Dr Lyndall Adams (Edith Cowan University)


Lyndall Adams is a contemporary artist and Senior Research Fellow in the School of Arts and Humanities and the Western Australian Academy of Performing Arts at Edith Cowan University. Lyndall is an arts practice-led researcher drawing influences from the interface between post-structuralist and new materialist feminist thinking. Her arts-practice articulates the female body; the lived body that is determined and specific though paradoxically in a state of flux, defined and redefined by changing practices and discourses. Lyndall has participated in solo, collaborative and group exhibitions within Australia and internationally.


Prof. Clive Barstow (Edith Cowan University)
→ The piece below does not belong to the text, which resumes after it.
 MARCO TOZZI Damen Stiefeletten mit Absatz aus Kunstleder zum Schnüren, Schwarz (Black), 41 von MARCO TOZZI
Clive Barstow’s exhibition profile includes forty years of international exhibitions, artist residencies and publications in Europe, America, Asia and Australia. His work is held in a number of international collections, including the Musse National d’Art Paris. Clive is Professor and Dean of Arts & Humanities at Edith Cowan University, Honorary Professor of Art at the University of Shanghai for Science & Technology China and global faculty member of Fairleigh Dickinson USA. His recent exhibitions include “Giving Yesterday a Tomorrow” at the Hu Jiang Gallery in Shanghai and recent publications include “Encountering the Third Space” at the University of Oxford UK.


Dr Paul Uhlmann (Edith Cowan University)


Paul Uhlmann is a senior lecturer and coordinator of Visual Arts, Arts and Humanities, Edith Cowan University, Perth. Paul studied art in Australia at the ANU, in Germany (1986-87 DAAD scholarship) and in the Netherlands (International Samstag Scholarship 1994-95). In 2012 his practice-led PhD on painting was conferred at RMIT. He has recently exhibited at Impact 9 in Hangzhou, China and has written on embodied aesthetics. Exhibitions nationally and internationally since 1983; his work is held in many collections including; National Gallery of Australia; Art Gallery of Western Australia; Art Gallery of New South Wales and National Gallery of Victoria.